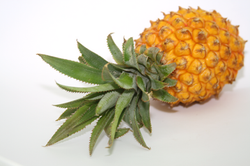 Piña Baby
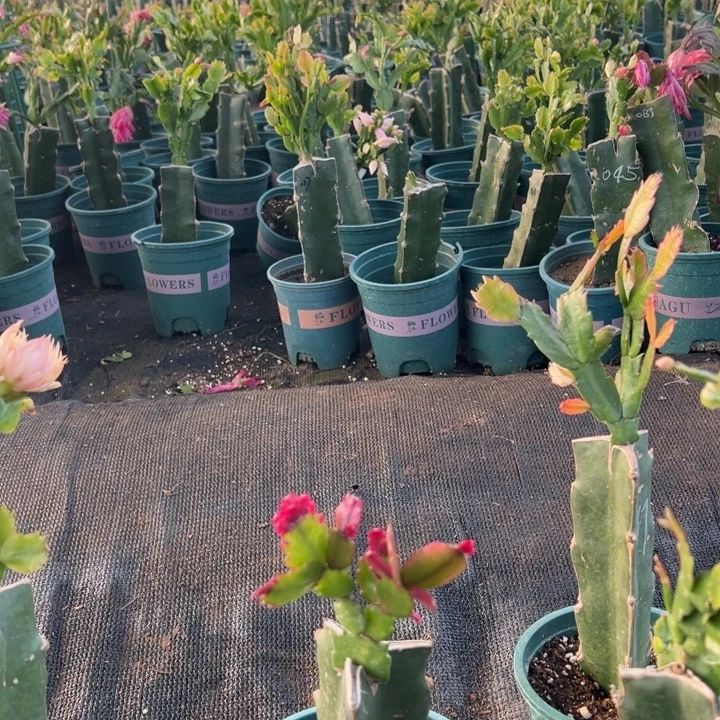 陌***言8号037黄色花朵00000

==

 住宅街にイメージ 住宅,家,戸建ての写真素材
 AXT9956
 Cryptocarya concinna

WHAT NEEDS TO BE DONE:
The lines above from the one with "住宅街にイメージ 住宅,家,戸建ての写真素材" through the one with "Cryptocarya concinna" are to be duplicated exactly, ends included, with nothing added.

RESPONSE TO THE EXERCISE:
 住宅街にイメージ 住宅,家,戸建ての写真素材
 AXT9956
 Cryptocarya concinna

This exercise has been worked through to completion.